Your instructions
Going down the listing below, print exactly each line from the one with "Ash Making The" up to and including the one with "plantilla de esport", and skip the rest.

Supplied records
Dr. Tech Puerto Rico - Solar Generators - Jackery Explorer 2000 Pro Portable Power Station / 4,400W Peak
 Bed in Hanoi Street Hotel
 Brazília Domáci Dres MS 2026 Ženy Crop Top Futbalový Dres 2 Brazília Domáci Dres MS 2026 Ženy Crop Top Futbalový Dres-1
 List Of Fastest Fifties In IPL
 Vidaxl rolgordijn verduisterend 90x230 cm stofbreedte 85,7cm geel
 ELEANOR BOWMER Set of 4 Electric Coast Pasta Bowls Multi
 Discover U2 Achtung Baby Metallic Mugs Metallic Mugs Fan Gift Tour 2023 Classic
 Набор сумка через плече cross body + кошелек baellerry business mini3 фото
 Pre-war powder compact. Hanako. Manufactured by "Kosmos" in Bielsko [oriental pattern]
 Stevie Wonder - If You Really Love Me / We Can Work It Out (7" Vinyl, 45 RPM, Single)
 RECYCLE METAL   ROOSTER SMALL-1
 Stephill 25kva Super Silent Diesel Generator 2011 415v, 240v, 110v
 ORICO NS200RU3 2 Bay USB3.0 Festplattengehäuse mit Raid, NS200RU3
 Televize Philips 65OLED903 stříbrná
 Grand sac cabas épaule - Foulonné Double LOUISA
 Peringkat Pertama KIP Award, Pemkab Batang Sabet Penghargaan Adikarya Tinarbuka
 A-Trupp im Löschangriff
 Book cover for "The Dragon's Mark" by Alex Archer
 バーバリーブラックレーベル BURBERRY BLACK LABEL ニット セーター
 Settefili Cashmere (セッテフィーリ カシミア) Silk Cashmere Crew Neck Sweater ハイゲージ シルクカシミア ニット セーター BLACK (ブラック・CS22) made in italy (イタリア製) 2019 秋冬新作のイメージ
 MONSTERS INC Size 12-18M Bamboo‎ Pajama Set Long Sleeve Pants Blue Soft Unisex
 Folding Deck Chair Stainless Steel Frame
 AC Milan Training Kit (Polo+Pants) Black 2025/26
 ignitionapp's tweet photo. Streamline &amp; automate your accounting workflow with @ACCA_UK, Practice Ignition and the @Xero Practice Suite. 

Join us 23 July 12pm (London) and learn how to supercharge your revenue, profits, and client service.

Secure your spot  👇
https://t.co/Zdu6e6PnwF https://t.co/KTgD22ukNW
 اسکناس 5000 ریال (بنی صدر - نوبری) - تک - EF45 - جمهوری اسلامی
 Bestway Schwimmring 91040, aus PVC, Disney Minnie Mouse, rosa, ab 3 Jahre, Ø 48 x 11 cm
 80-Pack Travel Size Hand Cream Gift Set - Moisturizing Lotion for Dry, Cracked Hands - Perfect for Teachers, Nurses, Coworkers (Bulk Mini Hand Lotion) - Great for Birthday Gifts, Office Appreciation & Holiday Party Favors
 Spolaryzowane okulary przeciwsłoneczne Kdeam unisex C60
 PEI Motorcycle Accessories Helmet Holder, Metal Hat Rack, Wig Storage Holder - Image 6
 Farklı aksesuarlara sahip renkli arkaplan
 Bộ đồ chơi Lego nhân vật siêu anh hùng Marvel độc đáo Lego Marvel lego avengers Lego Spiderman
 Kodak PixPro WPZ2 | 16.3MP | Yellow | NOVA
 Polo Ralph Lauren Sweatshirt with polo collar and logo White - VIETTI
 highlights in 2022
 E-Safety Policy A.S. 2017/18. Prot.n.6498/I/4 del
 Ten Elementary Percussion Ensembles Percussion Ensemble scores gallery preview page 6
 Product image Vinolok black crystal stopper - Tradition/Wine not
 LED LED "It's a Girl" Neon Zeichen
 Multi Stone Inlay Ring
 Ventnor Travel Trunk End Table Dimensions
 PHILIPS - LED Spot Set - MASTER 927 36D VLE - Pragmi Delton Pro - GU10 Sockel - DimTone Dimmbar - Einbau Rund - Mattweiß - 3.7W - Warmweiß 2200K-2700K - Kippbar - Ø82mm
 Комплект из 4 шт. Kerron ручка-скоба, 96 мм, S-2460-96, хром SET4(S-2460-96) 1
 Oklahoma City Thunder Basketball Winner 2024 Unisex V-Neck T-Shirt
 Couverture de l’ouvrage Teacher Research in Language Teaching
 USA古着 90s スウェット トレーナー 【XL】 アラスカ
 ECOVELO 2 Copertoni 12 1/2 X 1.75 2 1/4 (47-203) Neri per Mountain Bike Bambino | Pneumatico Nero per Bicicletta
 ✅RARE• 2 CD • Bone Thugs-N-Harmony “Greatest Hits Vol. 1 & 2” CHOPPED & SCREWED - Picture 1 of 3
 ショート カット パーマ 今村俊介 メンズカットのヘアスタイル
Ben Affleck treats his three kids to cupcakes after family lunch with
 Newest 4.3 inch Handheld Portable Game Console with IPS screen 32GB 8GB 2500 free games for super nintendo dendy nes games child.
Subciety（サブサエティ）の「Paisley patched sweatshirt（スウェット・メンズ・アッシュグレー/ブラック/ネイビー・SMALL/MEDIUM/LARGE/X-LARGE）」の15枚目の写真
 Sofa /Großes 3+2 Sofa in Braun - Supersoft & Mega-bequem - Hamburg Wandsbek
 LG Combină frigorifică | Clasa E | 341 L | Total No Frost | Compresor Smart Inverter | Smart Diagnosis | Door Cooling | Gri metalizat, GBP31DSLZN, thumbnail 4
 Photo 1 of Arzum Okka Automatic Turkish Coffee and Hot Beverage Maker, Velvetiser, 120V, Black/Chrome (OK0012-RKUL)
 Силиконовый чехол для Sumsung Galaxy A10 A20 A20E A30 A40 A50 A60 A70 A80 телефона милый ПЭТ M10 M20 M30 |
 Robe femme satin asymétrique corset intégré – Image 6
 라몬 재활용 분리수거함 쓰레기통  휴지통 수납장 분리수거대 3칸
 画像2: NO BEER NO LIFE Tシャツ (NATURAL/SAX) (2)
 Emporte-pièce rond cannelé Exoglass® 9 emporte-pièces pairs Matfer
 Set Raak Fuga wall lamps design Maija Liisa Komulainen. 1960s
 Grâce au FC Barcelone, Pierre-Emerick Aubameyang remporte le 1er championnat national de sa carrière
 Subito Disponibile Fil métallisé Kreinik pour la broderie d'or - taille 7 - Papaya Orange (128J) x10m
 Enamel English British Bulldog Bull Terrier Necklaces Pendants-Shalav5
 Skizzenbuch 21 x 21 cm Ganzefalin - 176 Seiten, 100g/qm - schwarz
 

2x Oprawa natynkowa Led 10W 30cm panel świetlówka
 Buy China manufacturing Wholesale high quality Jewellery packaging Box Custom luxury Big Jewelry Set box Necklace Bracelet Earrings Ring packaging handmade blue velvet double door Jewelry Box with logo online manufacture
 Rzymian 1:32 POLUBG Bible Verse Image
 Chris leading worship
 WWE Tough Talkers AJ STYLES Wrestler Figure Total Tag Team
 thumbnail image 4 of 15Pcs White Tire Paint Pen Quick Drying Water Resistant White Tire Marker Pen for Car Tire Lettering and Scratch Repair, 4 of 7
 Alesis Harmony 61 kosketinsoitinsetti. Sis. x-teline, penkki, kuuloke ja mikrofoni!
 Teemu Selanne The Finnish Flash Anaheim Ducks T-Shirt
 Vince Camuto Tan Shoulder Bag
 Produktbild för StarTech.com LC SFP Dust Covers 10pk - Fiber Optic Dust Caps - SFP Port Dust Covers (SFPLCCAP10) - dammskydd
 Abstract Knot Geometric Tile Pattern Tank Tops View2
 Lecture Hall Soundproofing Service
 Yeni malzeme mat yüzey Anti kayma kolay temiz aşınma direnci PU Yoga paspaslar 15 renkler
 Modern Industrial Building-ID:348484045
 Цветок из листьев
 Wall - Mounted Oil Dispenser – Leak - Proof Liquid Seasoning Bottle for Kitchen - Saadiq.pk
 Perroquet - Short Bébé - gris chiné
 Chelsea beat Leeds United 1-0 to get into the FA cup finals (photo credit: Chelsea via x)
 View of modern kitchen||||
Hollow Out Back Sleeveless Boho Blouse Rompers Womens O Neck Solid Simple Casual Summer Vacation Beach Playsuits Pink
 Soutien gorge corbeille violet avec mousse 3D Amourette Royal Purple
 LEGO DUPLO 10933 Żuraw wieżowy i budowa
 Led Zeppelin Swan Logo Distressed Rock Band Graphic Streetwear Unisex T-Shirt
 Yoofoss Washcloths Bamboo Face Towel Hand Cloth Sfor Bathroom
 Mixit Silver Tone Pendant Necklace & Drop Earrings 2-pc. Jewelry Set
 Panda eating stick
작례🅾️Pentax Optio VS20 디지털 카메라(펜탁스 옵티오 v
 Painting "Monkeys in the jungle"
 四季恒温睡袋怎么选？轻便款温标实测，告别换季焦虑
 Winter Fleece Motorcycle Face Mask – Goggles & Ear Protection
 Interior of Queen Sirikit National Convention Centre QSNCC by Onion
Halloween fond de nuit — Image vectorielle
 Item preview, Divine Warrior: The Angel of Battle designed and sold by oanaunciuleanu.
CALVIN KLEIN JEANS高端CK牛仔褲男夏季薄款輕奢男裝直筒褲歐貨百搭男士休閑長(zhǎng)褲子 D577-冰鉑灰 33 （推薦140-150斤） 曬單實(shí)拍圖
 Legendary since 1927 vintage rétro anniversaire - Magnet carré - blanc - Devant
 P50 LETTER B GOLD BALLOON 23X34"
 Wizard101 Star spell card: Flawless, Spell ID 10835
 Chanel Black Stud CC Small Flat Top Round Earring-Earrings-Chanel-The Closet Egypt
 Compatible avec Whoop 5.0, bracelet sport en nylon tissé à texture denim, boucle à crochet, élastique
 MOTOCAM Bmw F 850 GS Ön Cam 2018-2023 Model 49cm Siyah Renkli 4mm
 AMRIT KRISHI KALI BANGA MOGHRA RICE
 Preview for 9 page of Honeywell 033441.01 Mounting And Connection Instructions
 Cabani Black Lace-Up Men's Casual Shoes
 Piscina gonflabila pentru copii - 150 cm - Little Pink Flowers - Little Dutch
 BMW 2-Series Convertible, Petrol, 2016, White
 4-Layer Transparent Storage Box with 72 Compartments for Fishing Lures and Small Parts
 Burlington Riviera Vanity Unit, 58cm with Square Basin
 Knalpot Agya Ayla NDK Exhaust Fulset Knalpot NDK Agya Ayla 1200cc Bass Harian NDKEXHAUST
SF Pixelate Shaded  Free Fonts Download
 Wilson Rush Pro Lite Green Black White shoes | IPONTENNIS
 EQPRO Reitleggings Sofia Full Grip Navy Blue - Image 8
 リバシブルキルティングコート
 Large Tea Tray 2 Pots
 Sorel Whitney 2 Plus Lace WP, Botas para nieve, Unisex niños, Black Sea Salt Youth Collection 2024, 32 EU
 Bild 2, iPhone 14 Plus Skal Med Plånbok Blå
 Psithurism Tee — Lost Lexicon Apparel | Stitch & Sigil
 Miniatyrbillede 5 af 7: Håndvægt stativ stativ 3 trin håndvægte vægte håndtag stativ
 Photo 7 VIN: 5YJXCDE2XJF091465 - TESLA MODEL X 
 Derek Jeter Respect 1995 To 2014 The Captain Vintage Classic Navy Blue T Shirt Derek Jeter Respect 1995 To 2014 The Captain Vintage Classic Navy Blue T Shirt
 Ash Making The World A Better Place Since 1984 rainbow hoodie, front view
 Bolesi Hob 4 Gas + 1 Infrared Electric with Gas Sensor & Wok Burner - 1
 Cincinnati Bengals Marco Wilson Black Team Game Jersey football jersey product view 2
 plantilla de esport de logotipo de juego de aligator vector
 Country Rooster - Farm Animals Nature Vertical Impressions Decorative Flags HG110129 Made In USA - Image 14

Written answer
 Ash Making The World A Better Place Since 1984 rainbow hoodie, front view
 Bolesi Hob 4 Gas + 1 Infrared Electric with Gas Sensor & Wok Burner - 1
 Cincinnati Bengals Marco Wilson Black Team Game Jersey football jersey product view 2
 plantilla de esport de logotipo de juego de aligator vector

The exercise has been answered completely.